LC-MS/MS Analysis of Tryptic Peptides
Mass spectrometry
analysis was performed essentially as described by Tuveng et al.[17] In short, peptides were analyzed using a Dionex
Ultimate 3000 nanoLC-MS/MS system (Dionex, Sunnyvale, CA, USA) connected
to a Q-Exactive hybrid quadrupole-Orbitrap mass spectrometer (Thermo
Scientific, Bremen, Germany) equipped with a nanoelectrospray ion
source. The peptides (5 μL per injection) were loaded onto a
trap column (Acclaim PepMap 100, C18, 5 μm, 100 Å,
300 μm i.d. × 5 mm, Thermo Scientific, Bremen, Germany)
and backflushed onto an analytical column (Acclaim PepMap RCLS, C18, 3 μm, 100 Å, 75 μm i.d. × 50 cm,
Thermo Scientific, Bremen, Germany). The flow rate was 300 nL/min
and the solvent gradient was 4–10% B in 2 min, to 36% B in
47 min, to 44% B in 8 min and followed by a further increase to 72%
B for column washing. Solvent A was 0.1% (v/v) formic acid and solvent
B was 100% (v/v) acetonitrile, 0.1% (v/v) formic acid. The Q-Exactive
mass spectrometer was operated in data-dependent mode acquiring one
full scan (400–1500 m/z)
at R = 70 000 followed by (up to) 10 dependent
MS/MS scans at R = 35 000.
Bioinformatics
for Genome and Proteome Analysis
The
predicted proteome of A. ripae was functionally
annotated using the InterProScan software.[27] (Galaxy version 5.0.0) at the EU Galaxy server[28] (http://usegalaxy.eu) with the databases Pfam and InterPro. Verification and annotation
of CAZymes and carbohydrate-binding domains (CBMs) according to the
CAZy classification[11] were performed with
dbCAN 2.0 (http://bcb.unl.edu/dbCAN2/) using version 7 of the dbCAN Hidden-Markov models.[29] Proteins were considered putatively chitinolytic if they
were predicted to belong to glycoside hydrolase (GH) families 18,
19, or 20, or to auxiliary activity (AA) family 10 (i.e., bacterial
LPMOs). More details are provided in the Results
and Discussion section.MS Raw files resulting from proteome
analysis were analyzed using MaxQuant[24] version 1.6.3.3, and proteins were identified and quantified using
the MaxLFQ algorithm.[23] Samples were searched
against the predicted proteome of A. ripae (4257
sequences) supplemented with common contaminants such as human keratin
and bovine serum albumin. In addition, reversed sequences of all protein
entries were concatenated to the database for estimation of false
discovery rates. The tolerance level for matching the database was
6 ppm for MS1 and 20 ppm for MS/MS. Trypsin was used as digestion
enzyme, and two missed cleavages were allowed. Carbamidomethylation
of cysteines was used as fixed modification, whereas variable modifications
included protein N-terminal acetylation, oxidation of methionines,
deamination of asparagines and glutamines, and formation of pyro-glutamic
acid at N-terminal glutamines. The feature “Match between runs”
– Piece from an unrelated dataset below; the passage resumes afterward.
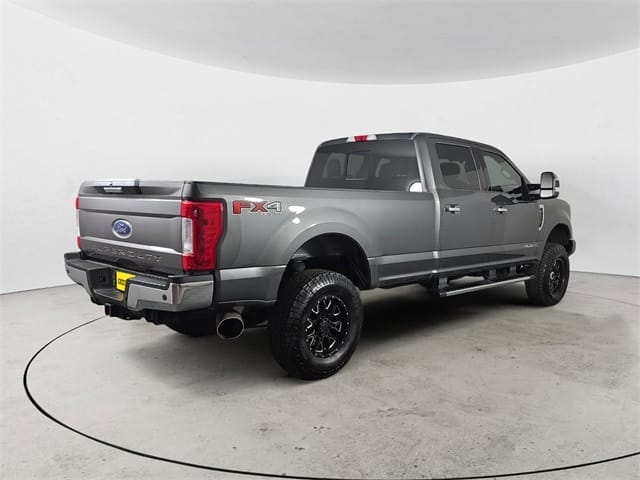 Used 2017 Ford F-350SD XLT 4D Crew Cab – 1FT8W3BT8HEC45220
in MaxQuant, which enables identification transfer between samples
based on accurate mass and retention time, was applied with default
settings.[23] All identifications were filtered
in order to achieve a protein false discovery rate of 1%. The results
from MaxQuant were further processed using Perseus (version 1.6.1.1)
The data was reduced by removing proteins categorized as “only
identified by site”, “reverse”, or “contaminant”.
As an additional cutoff criterion, proteins were only considered present
if they were detected in at least two of three replicates for at least
one substrate. The LFQ intensities were log2 transformed prior to
analysis. Hierarchal clustering and heat map generation were done
with Euclidian distance measure and average linkage.To predict
the subcellular location of the proteins we used a combination
of two prediction algorithms: The SignalP server[30] version 4.0 (http://www.cbs.dtu.dk/services/SignalP-4.0/) with default settings for Gram-negative bacteria to predict signal
peptide cleavage sites, and PRED-TAT (http://www.compgen.org/tools/PRED-TAT) to predict proteins with twin-arginine signal peptides. A protein
was considered secreted if one of these two algorithms predicted it.
In addition, LipoP[31] version 1.0 (http://www.cbs.dtu.dk/services/LipoP/) was used for further annotation to separate between secreted and
lipo-proteins, i.e., the presence of signal peptides cleaved by signal
peptidase I (SpI) or signal peptidase II (SpII), respectively, and
for prediction of cytosolic proteins (CYT).
Results and Discussion
Genome
Analysis and the Predicted Chitinolytic Machinery of A. ripae
The genome of A. ripae was assembled
from 52 contigs leading to a genome size of 4.7 Mb
and a G+C content of 61.3%.[21] Gene annotation
using Prokka version 1.14.1 yielded 4257 potential open reading frames,
of which 587 (13.8%) were predicted to encode for secreted proteins.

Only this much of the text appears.